Um rinoceronte branco no parque nacional de Etosha, Namíbia. Foto: Arterra/Getty Images
Um rinoceronte branco no parque nacional de Etosha, Namíbia. Foto: Arterra/Getty Images

A Namíbia ameaçou liderar nações do sul da África, lar da maior parte dos rinocerontes e elefantes do mundo, a sair da CITES, uma convenção global que regula o comércio de plantas e animais silvestres e seus produtos.

O país do sudoeste da África se enfureceu depois de perder uma tentativa de afrouxar os controles sobre os produtos (partes) de sua população de rinocerontes brancos, que conta com mais de mil animais ameaçados de extinção. A Convenção sobre o Comércio Internacional de Espécies da Fauna e da Flora Selvagens Ameaçadas de Extinção (CITES) que está reunida em Genebra, na Suíça (de 17 a 28 de agosto), decidiu manter restrições ao comércio das partes dos animais.
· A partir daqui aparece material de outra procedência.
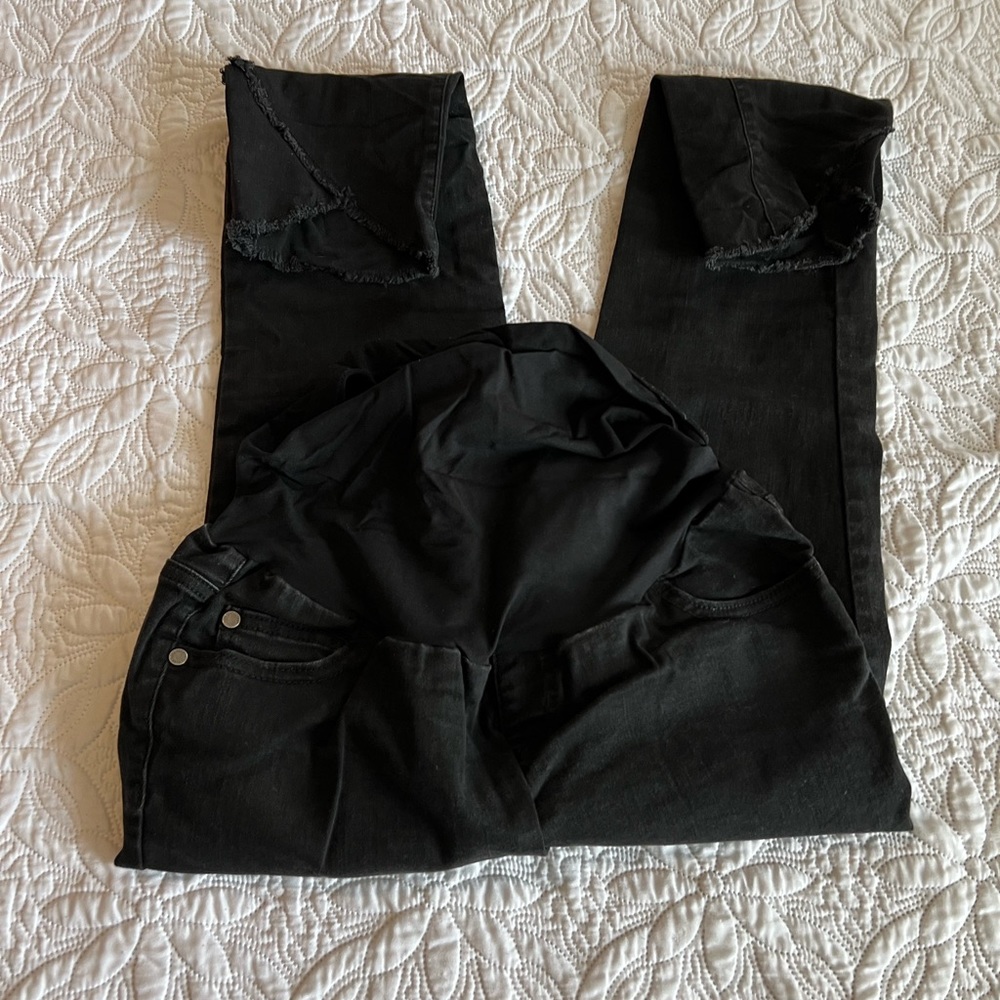 Black maternity jeans
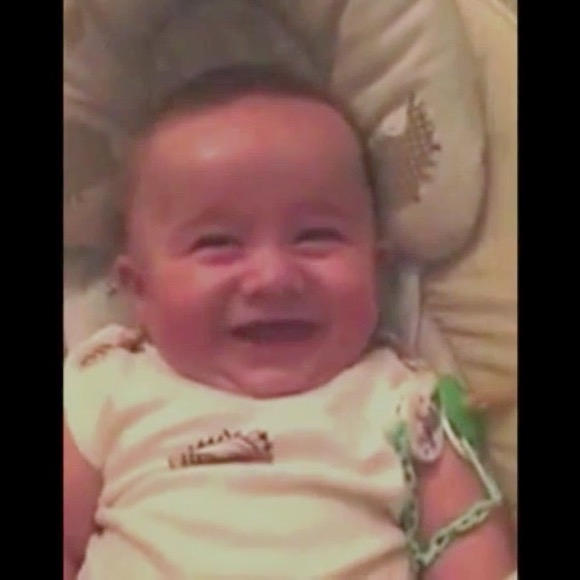 【おそロシア血統】 天使のようなロシアの赤ちゃんの「悪魔のような笑い声」をおさめた動画が話題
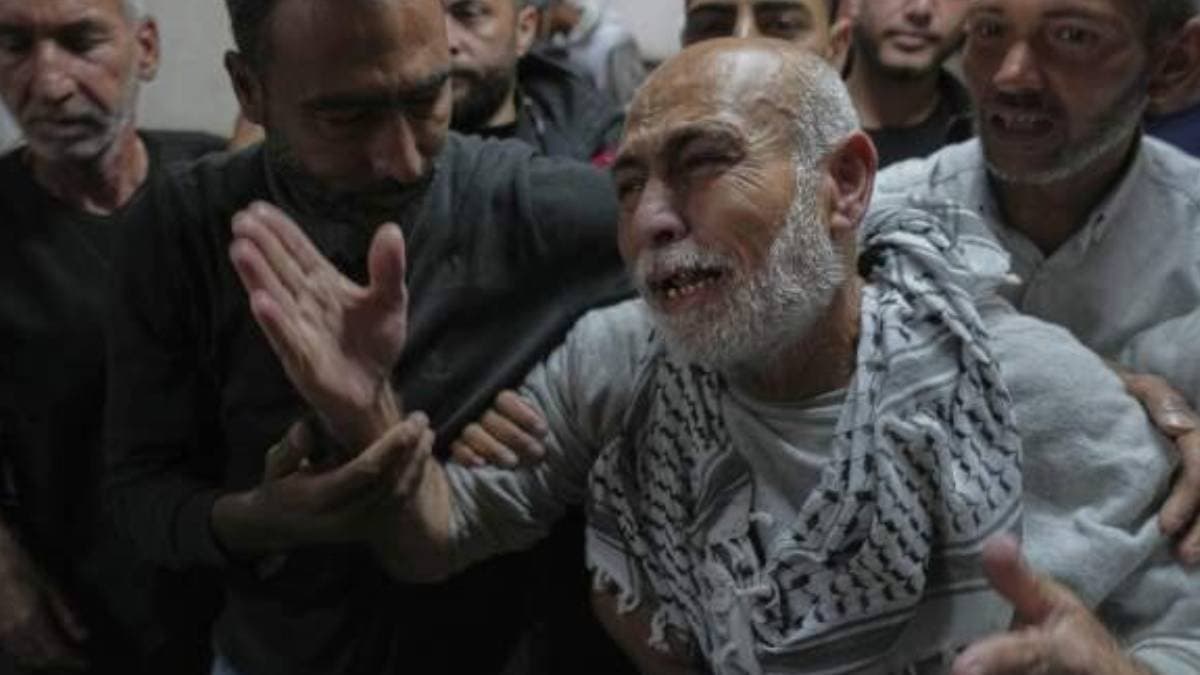 Israel releases ten palestinians detained from gaza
“Existem países que mantêm pontos de vista que não são baseados em ciência. Em vez de aplicar a ciência, eles estão apenas politizando todo o assunto”, disse Pohamba Shifeta, ministro do Meio Ambiente da Namíbia, aos jornalistas em Genebra. “Como região da Comunidade de Desenvolvimento da África do Sul, a região com a maior população de espécies de rinocerontes, reconsideraremos a permanência na CITES, se for o caso. Nós vamos ter uma reunião e vamos fazer uma declaração.”

A SADC (Southern African Development Community) tem 16 estados membros, incluindo a Namíbia, a África do Sul, o Botsuana, a Tanzânia e a República Democrática do Congo.

Os países do sul da África, geralmente considerados como tendo os melhores programas de conservação no continente, ficaram irritados com as decisões tomadas na CITES este ano. As nações membros da convenção internacional se recusaram a facilitar o controle sobre o marfim de elefantes para permitir que várias nações vendam seus estoques e proibiu a exportação de elefantes selvagens fora do alcance onde eles ocorrem naturalmente depois que o Zimbábue vendeu animais para zoológicos na China e outros países.

A Namíbia queria também que sua população de rinocerontes brancos fosse rebaixada para o Apêndice II, que afirma que, diferentemente do Apêndice I, os animais não estão ameaçados de extinção, mas o comércio precisa ser limitado para manter suas populações sustentáveis. O uso do chifre de rinoceronte como uma suposta cura para o câncer no leste da Ásia levou a um surto de caça na África do Sul e em outros países e a uma proibição mundial do comércio. Um comércio ilegal floresce continuamente entretanto.

Kitso Mokaila, ministro do Meio Ambiente de Botswana, disse na mesma conferência de imprensa que os argumentos na CITES foram motivados por emoções e o impacto que a vida selvagem teve sobre os africanos que vivem nas zonas rurais não foi levado em consideração.

“Se a CITES realmente não nos ajuda a conservar nossos animais selvagens, mas frustra aqueles que estão tentando fazer o bem, acho que não há necessidade de permanecermos na conferência”, disse Shifeta.